Rozproszone obiekty

Przyszłość aplikacji klient/serwer to technika obiektów rozproszonych.

Przyszłość aplikacji klient/serwer to technika obiektów rozproszonych.

Złożone wielowarstwowe aplikacje klient/serwer stają coraz popularniejsze w miarę jak duże przedsiębiorstwa starają się zrealizować swoje potrzeby informatyczne. Im większa aplikacja, tym trudniej zrealizować ją metodami tradycyjnymi jako samodzielny zintegrowany produkt, zawierający w kodzie całą złożoność przetwarzania. Informatycy coraz częściej przekonują się, że jedynie realizacja obiektowa może zapewnić wykonanie dużego projektu.

W niejednorodnym środowisku przetwarzania, złożonym z unixowych serwerów baz danych, novellowskich serwerów plików, serwerów aplikacji działających pod Windows NT i stacji klienta opartych na Windows 3.x i Windows 95 trudno jest zapewnić efektywną i prostą infrastrukturę komunikacji różnych obiektów aplikacji. Jeżeli dochodzi do tego jeszcze mainframe, sytuacja komplikuje się bardziej.

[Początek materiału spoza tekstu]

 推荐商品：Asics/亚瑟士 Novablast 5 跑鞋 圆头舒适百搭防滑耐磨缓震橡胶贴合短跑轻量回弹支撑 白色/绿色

Problem nie jest nowy i wiele firm, konsorcjów i organizacji próbowało go rozwiązać. Na świecie dominują obecnie dwie propozycje rozwiązania problemów komunikacji obiektowej. Pierwsza jest oparta na standardach de facto, opracowanych przez Object Management Group w ramach Common Object Broker Architecture (CORBA). Druga to idea Microsoftu wykorzystywana w jednolitym środowisku Windows, od niedawna przenoszona na inne systemy operacyjne.

Zaprezentujmy idee i rozwiązania, które legły u podłoża tych koncepcji

oraz możliwości, jakie dają one twórcy aplikacji i programistom.

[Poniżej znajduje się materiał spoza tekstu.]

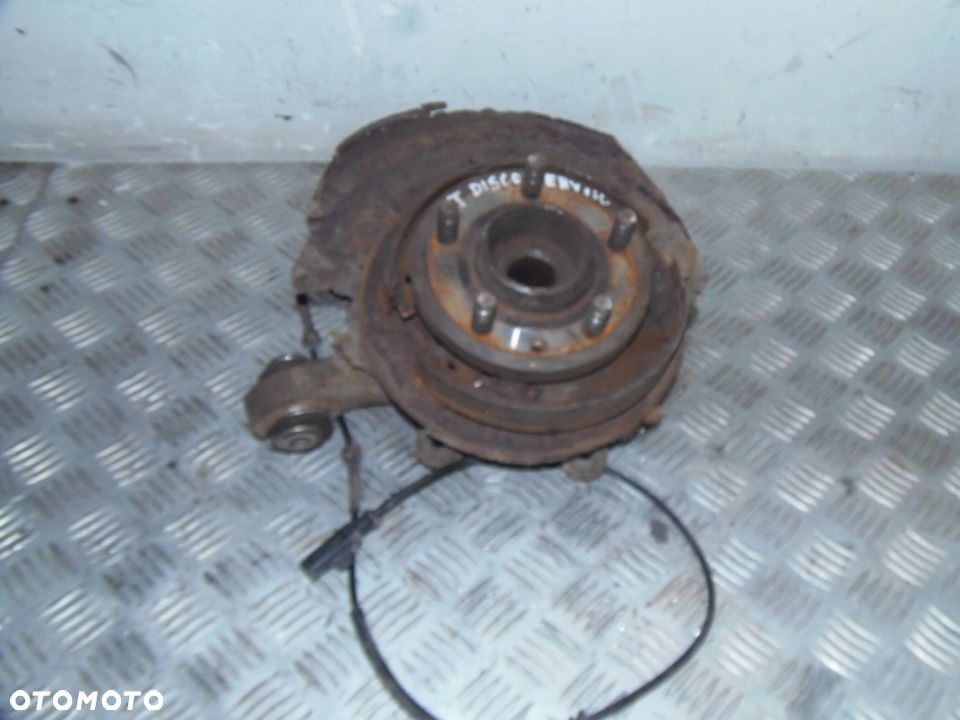 PIASTA PRAWY TYŁ DISCOVERY III 2.7 TD V6 - 1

Obiekty i technika obiektowa

Obiekty programowe to nic nowego. Ich idea pojawiła się w początku lat 70. w znanym z wielu interesujących pomysłów laboratorium Xeroxa w Palo Alto (Palo Alto Research Center - PARC). Tam też powstał pierwszy język programowania obiektowego Smalltalk. Jednakże droga "od pomysłu do przemysłu" nie jest prosta i technika obiektowa nie znalazła szerszego zastosowania. Dopiero gdy wielkie korporacje i firmy informatyczne uświadomiły sobie, że szybkie tworzenie dużych aplikacji nie jest możliwe bez zastosowania techniki obiektowej, skierowały tę technikę na nowe tory.

Szybkie zmiany w technice (mainframy, minikomputery, stacje robocze i PC) spowodowały taką różnorodność sprzętową i systemową infrastruktury

informatycznej, że należało opracować sposób rozwiązania problemów komunikacji między aplikacjami w niejednorodnym środowisku przetwarzania.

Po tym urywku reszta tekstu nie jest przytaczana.